Even if you're a loner, the advantage of being in a club is that you can get ideas from other folks. Also, it's a good place to get rid of beer if you have too much!
As for club size, I think that olllllo pretty much nailed it. The leadership has to plan for growth or limit growth. Planning for growth has its own problems. Limiting growth can be problematic in that you turn away potentially great people and acquire a reputation for snobbishness. Also, what do you do with current members who temporarily turn into "dead weight" (i.e., stop brewing, don't come to meetings)?
From HB clubs in my region, I've see the following structures:
1) Small and informal - 5-10 people, usually friends, who informally meet, usually in someone's house. No real officers, no dues, no formal club functions.

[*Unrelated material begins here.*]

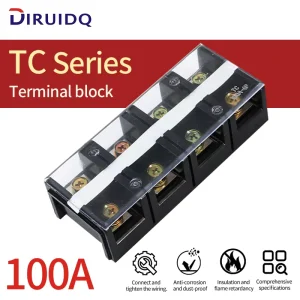 TC 1003 100A 600V Brass Bolt Connection Barrier Terminal Block >30 AWG Conductor 2 5 Poles for Industrial Applications
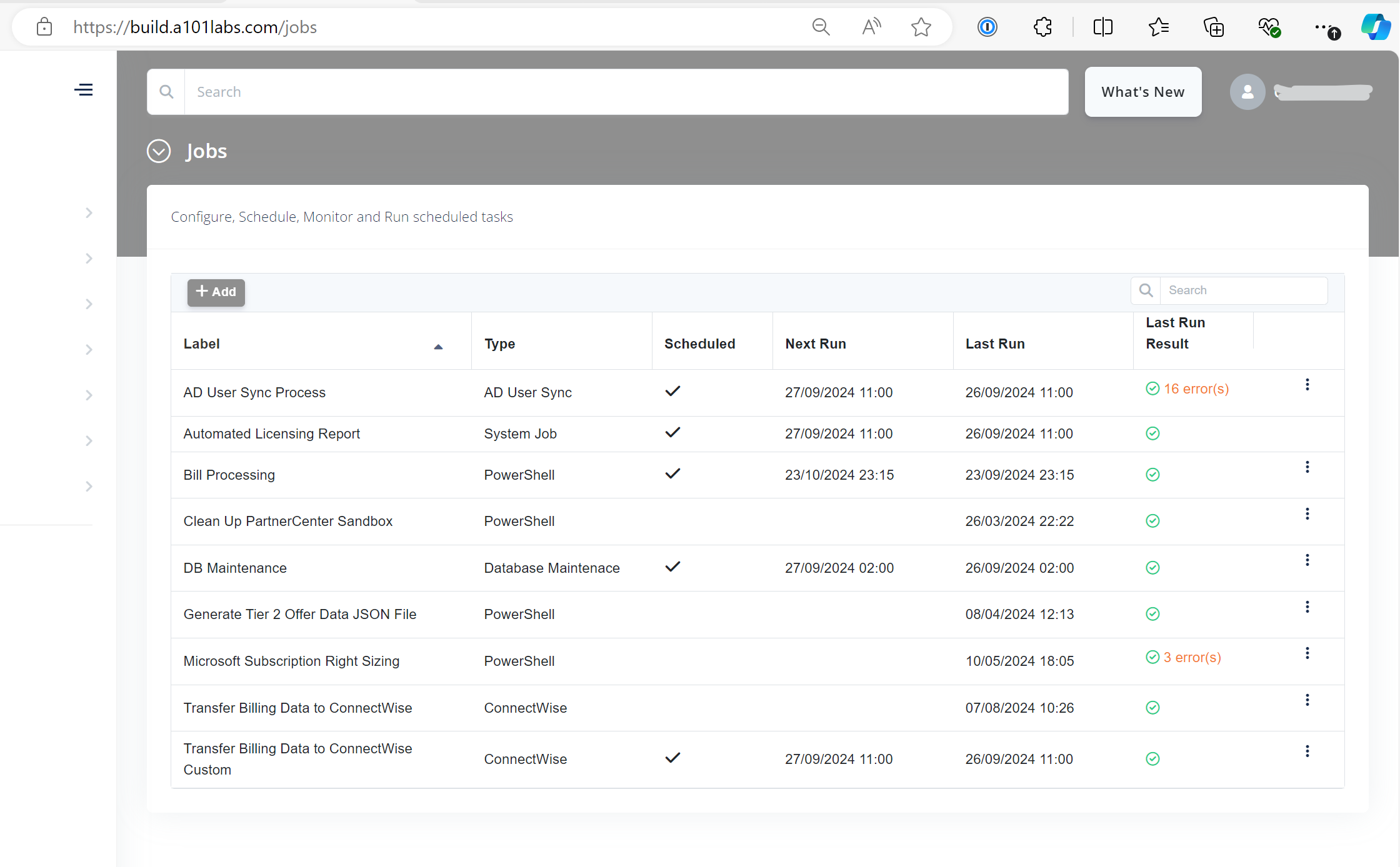 Jobs configured within the Atria System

2) Semi-Organized - 10-30 people, maybe not so tightly linked, who meet informally at a restaurant or bar. Might have officers, by-laws and membership dues. Might sponsor club events.
3) Small Organized - 30-100 people, usually with formal officers, by-laws, dues and so forth. Might be big enough to run an annual HB competition and hold similar club-sponsored events. At this level, there are some logistical strains and the possibility that new members are either not welcome, or feel ignored.
4) Big Organized - 100+ people, as above, but more organized and possibly more formal. At this level, budgets and logistical issues get big enough that the club starts straining unless it's got a very talented cadre of leaders and support people who want to make the club work. At this level, even finding a suitable venue for club meetings can be a hassle, and visitors and new members can feel excluded.